# Zero-Shot Abstractive Summarization using T5

This notebook demonstrates how to use a pretrained **T5** model in a *zero-shot* setting for summarization. The model is not fine-tuned on the target data — we simply prepend the instruction `summarize:` to the input and let the model generate a summary.


In [7]:
import warnings
warnings.filterwarnings('ignore')

In [None]:
!pip install transformers torch datasets accelerate sentencepiece --quiet

### 🔹 Step 1: Load Pretrained T5 Model and Tokenizer

We use the lightweight `t5-small` model. For better results, you can try `t5-base` or `t5-large`.


In [None]:
from transformers import T5Tokenizer, T5ForConditionalGeneration
import torch

model_name = "t5-small"  # Try 't5-base' or 't5-large' for better results
tokenizer = T5Tokenizer.from_pretrained(model_name)
model = T5ForConditionalGeneration.from_pretrained(model_name)

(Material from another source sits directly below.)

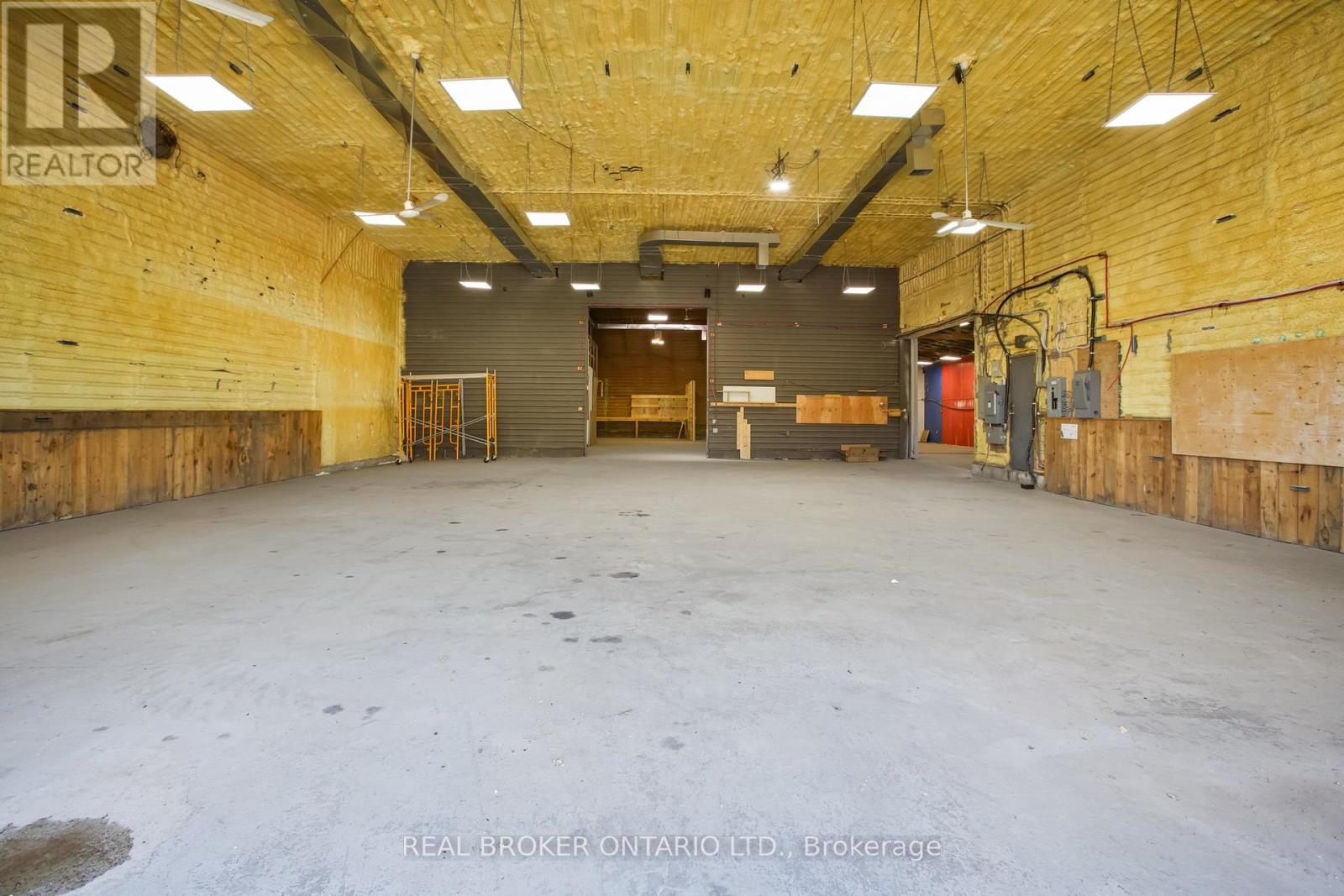 - Barn - 1153 Canal Road, Bradford West Gwillimbury (Bradford), Ontario  L3Z 4E2 - Photo 17 - N12692772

### 🔹 Step 2: Define Input Text

You can test the summarization capability with any long text. Here's a sample news-style paragraph.


In [None]:
# Sample long text input
text = """
Apple Inc. is planning to release a new line of MacBooks in late 2025. The new laptops are expected to be powered by a new M4 chip and will include performance improvements and longer battery life. Analysts predict this launch will help Apple regain its lead in the laptop market. In addition, the company is rumored to be working on AI integration for macOS, enabling more personalized and intelligent user experiences.
"""

# Add summarization prompt
input_text = "summarize: " + text

### 🔹 Step 3: Tokenize the Input

The input is truncated to a maximum of 512 tokens and converted into token IDs.


In [None]:
inputs = tokenizer.encode(input_text, return_tensors="pt", max_length=512, truncation=True)

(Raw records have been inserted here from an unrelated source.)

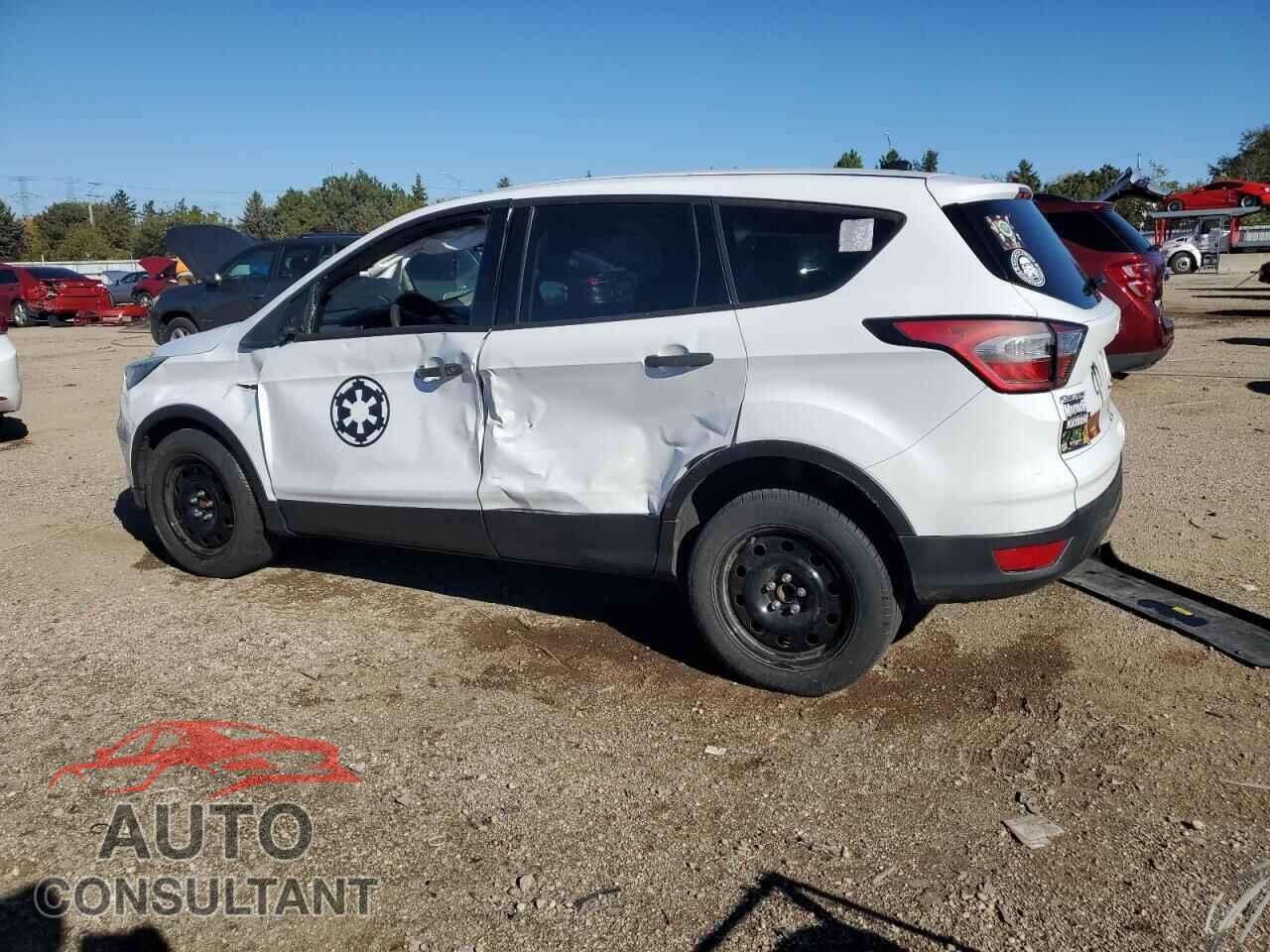 FORD ESCAPE 2018 - 1FMCU0F73JUC62395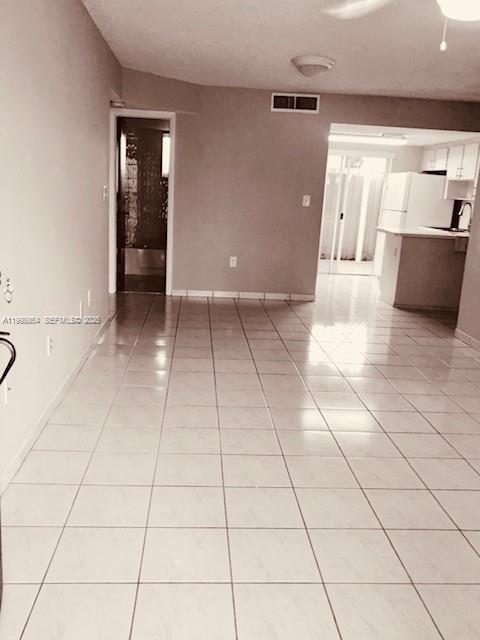 2212 W 74th St #101-28, Hialeah FL 33016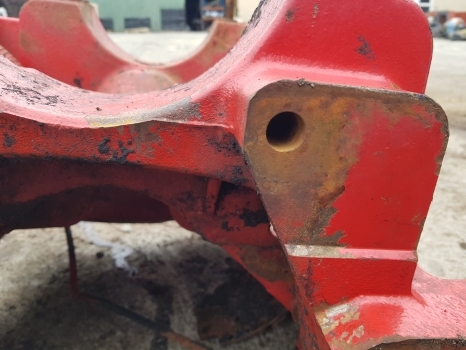Mccormick Case Cx, Mxc, Mc Ser Mc100 Front Axle Support Bolster 138531, 337256a1 - Etuakseli - Maatalouskoneet: kuva Mccormick Case Cx, Mxc, Mc Ser Mc100 Front Axle Support Bolster 138531, 337256a1 - Etuakseli - Maatalouskoneet Mccormick Case Cx, Mxc, Mc Ser Mc100 Front Axle Support Bolster 138531, 337256a1 - Etuakseli - Maatalouskoneet: kuva Mccormick Case Cx, Mxc, Mc Ser Mc100 Front Axle Support Bolster 138531, 337256a1 - Etuakseli - Maatalouskoneet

### 🔹 Step 4: Generate the Summary

Use beam search with custom parameters to improve summary quality.


In [None]:
summary_ids = model.generate(
    inputs,
    max_length=180,
    min_length=30,
    length_penalty=2.0,
    num_beams=4,
    early_stopping=True
)

### 🔹 Step 5: Decode and Display the Summary


In [None]:
summary = tokenizer.decode(summary_ids[0], skip_special_tokens=True)
print("\n📌 Summary:\n", summary)


📌 Summary:
 the new laptops are expected to be powered by a new M4 chip. the company is rumored to be working on AI integration for macOS.